Data Compression and Sampling

Given the large size of the generated data, we used tarballs to compress the JSON file. This approach significantly reduced the storage requirements, making it easier to handle and transport the data. The compression was achieved using the following command:

tar -czvf battleship_boards.json.tar.gz battleship_boards.json

The original file size for 1,000,000 boards was 517 MB, which compressed down to 19 MB. This compression ratio highlights the efficiency of using tarballs for large datasets.

To efficiently sample from the compressed tarball, we developed two bash scripts:

  1. Sample Multiple Boards: This script extracts a specified number of random boards from the tarball.

    #!/bin/bash
    
    # Variables
    TARBALL="battleship_boards.json.tar.gz"
    SAMPLE_FILE="sampled_boards.json"
    NUM_SAMPLES=1000  # Number of random samples to extract
    
    # Stream the tarball and sample lines
    tar -xzOf "$TARBALL" | shuf -n "$NUM_SAMPLES" > "$SAMPLE_FILE"
    
    # Output the location of the sampled file
    echo "Random samples saved to $SAMPLE_FILE"
    

sample_from_tarball.sh

  1. Sample One Board: This script extracts a single random board from the tarball and outputs it to standard output.

    #!/bin/bash
    
    # Variable
    TARBALL="battleship_boards.json.tar.gz"
    
    # Stream the tarball and sample one random line
    tar -xzOf "$TARBALL" | shuf -n 1
    

sample_one_from_tarball.sh

File Size Comparison

plots_for_intro_blog_post.py

Estimated Dataset Size

The complete dataset for 30,000,000,000 game boards, stored as a JSONL file, is estimated to be approximately 15.51 terabytes. This estimate is based on the size of 1,000,000 boards being 517 MB. The JSONL format is particularly useful for large datasets because it allows for efficient line-by-line processing.

Artifact Description

The JSONL file containing the complete dataset is a valuable artifact for researchers and developers interested in large-scale data analysis or machine learning applications. With sufficient storage space, this dataset can be used to explore various strategies for ship placement, analyze patterns, or train models for game AI development. The ability to sample from the dataset without full extraction further enhances its utility, allowing users to work with manageable subsets of data.

Results

The script successfully generated 1,000,000 boards in about 1 minute on a 4-core i5 from 2012. When considering a move to a 32 hyperthread machine, we estimated a theoretical speedup of 8x, reducing the time to approximately 2.6 days for 30 billion boards.

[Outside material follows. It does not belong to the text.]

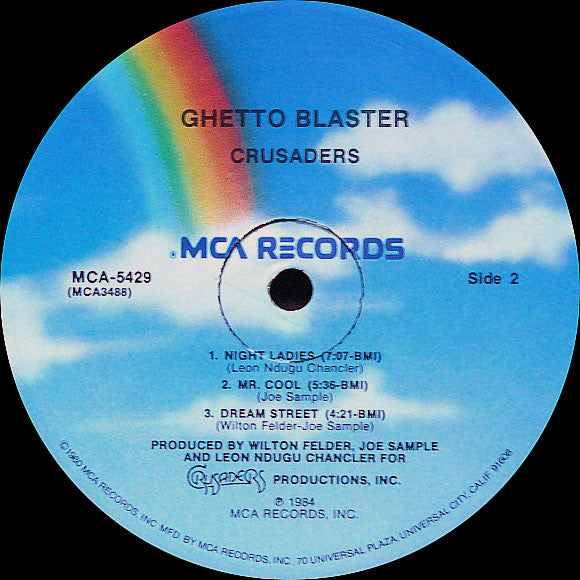 The Crusaders - Ghetto Blaster (Vinyl, LP, Album, Stereo) Good Plus (G+) / Very Good Plus (VG+)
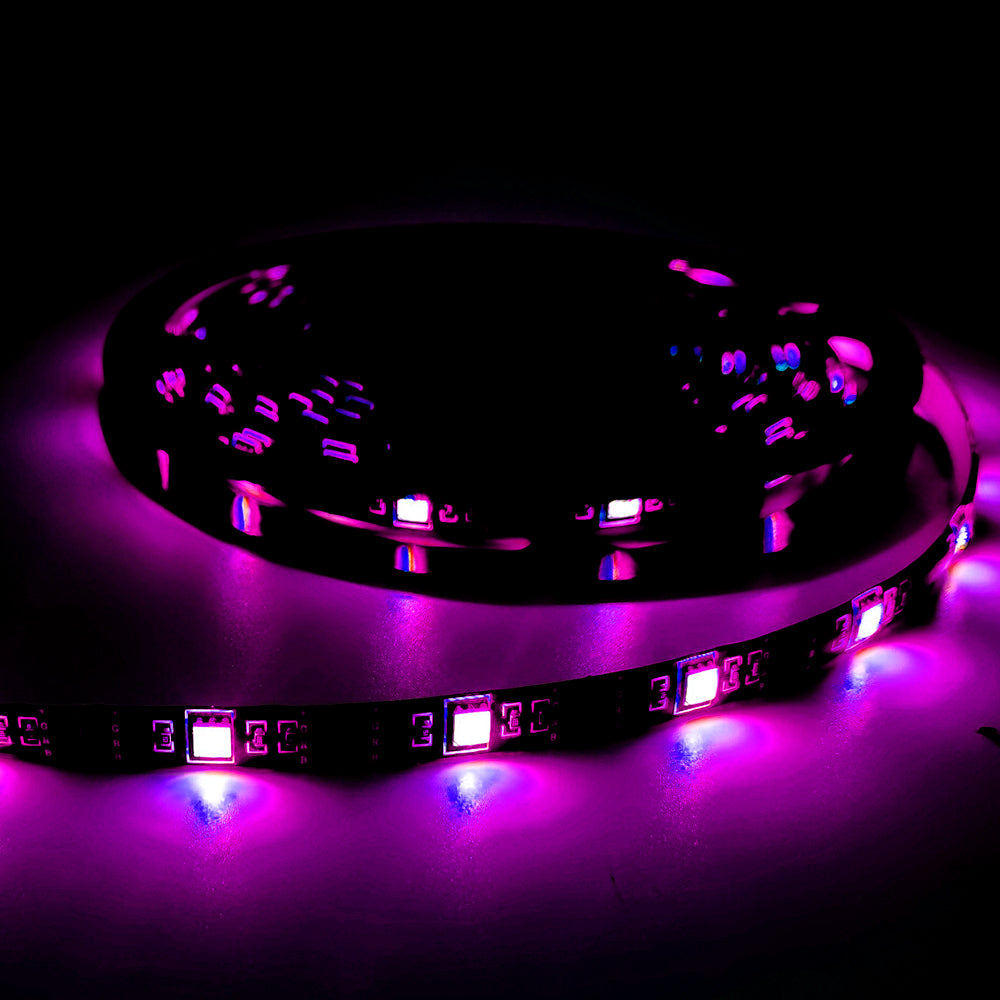 Ningbo Fuaisi Electric Appliance Co LED strip glowing purple showing TV backlight LED strip feature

Ship Placement Distribution

plots_for_intro_blog_post.py

Analysis

  1. Parallel Processing: Using multiple processes allowed us to efficiently explore the solution space, significantly reducing computation time.
  2. Progress Tracking: Real-time progress bars provided valuable feedback on the number of solutions found, enhancing the user experience.
  3. Data Storage: Immediate saving of board configurations ensured that progress was not lost, even in the event of a system failure.
  4. Compression: We found that compressing the data reduced storage requirements significantly, making it feasible to handle large datasets.
  5. Sampling: The ability to sample from the compressed tarball without full extraction was crucial for managing large data efficiently.

Conclusion

This experiment demonstrated the power of parallel processing in Python for generating large datasets. By leveraging multiprocessing, we efficiently explored a vast solution space, providing insights into the potential of Python for handling complex computational tasks.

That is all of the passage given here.